Return the listing below unchanged, except that the pictures are dropped.

Data section:
= = = = =
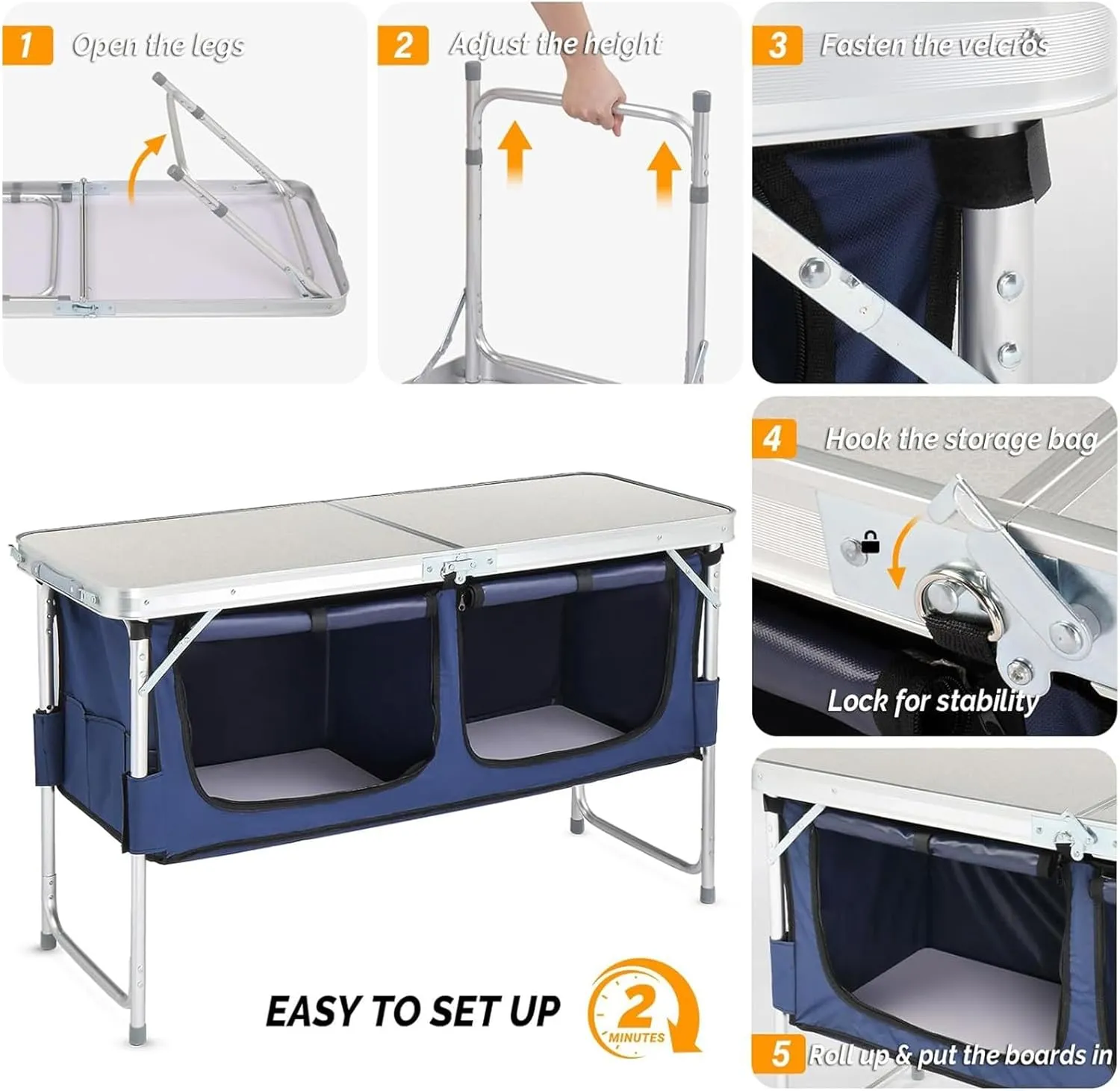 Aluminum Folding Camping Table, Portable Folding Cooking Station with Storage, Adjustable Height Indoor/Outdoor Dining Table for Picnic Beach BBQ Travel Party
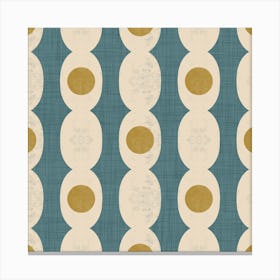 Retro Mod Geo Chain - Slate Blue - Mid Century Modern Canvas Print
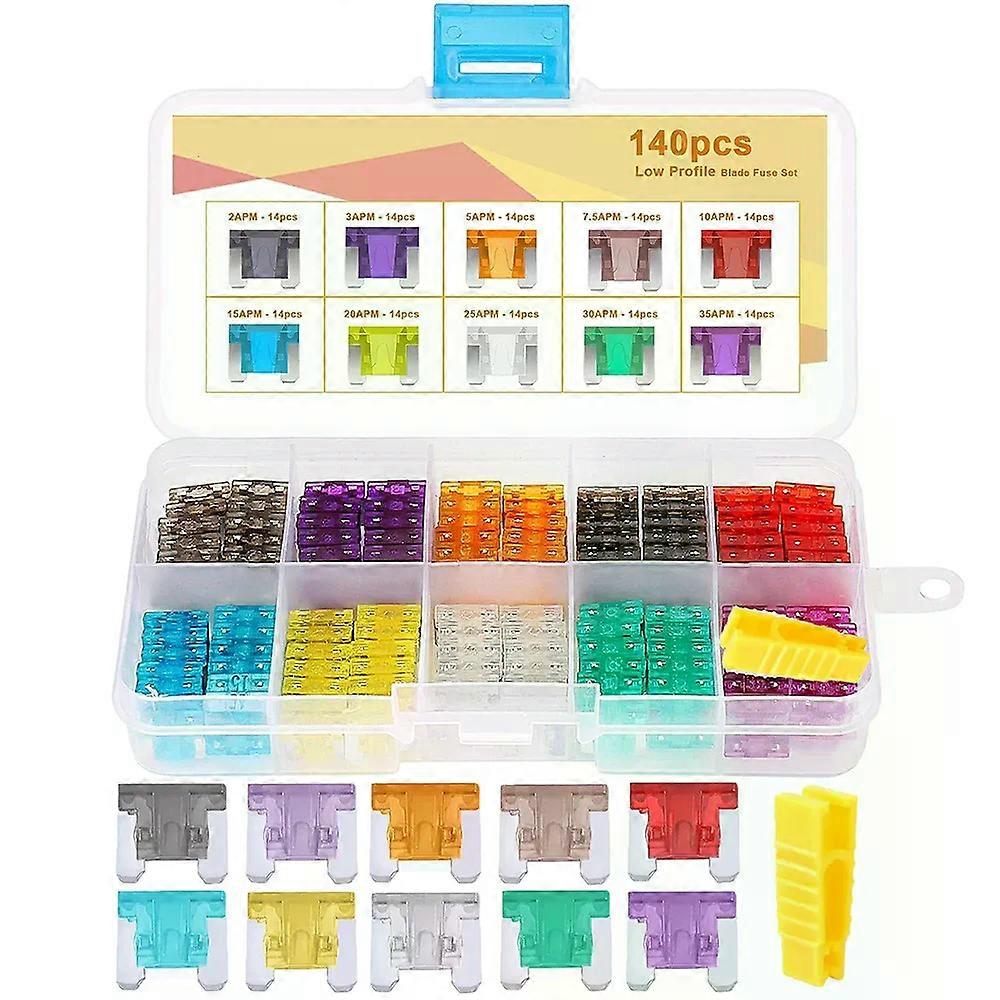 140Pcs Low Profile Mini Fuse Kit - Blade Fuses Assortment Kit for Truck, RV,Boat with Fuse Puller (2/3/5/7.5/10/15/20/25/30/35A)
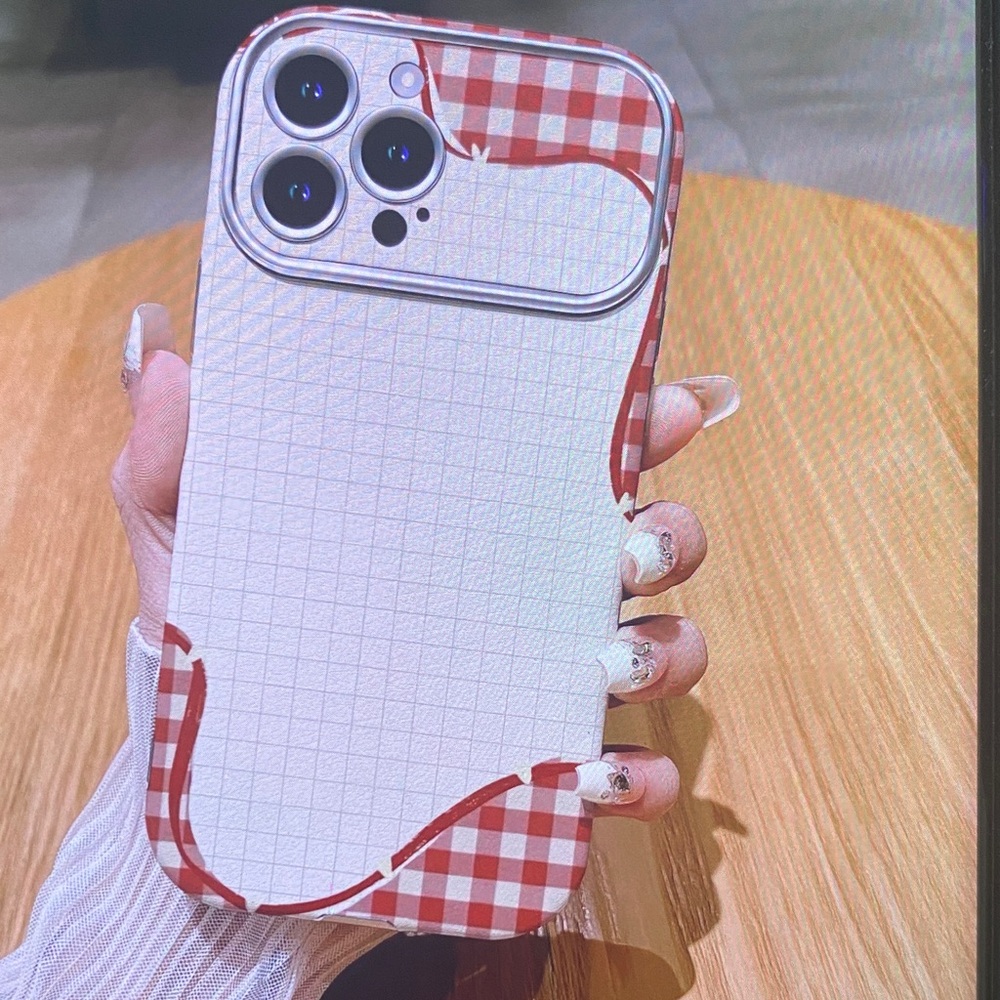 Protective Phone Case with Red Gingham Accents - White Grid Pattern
= = = = =
Task solution:
 Aluminum Folding Camping Table, Portable Folding Cooking Station with Storage, Adjustable Height Indoor/Outdoor Dining Table for Picnic Beach BBQ Travel Party
 Retro Mod Geo Chain - Slate Blue - Mid Century Modern Canvas Print
 140Pcs Low Profile Mini Fuse Kit - Blade Fuses Assortment Kit for Truck, RV,Boat with Fuse Puller (2/3/5/7.5/10/15/20/25/30/35A)
 Protective Phone Case with Red Gingham Accents - White Grid Pattern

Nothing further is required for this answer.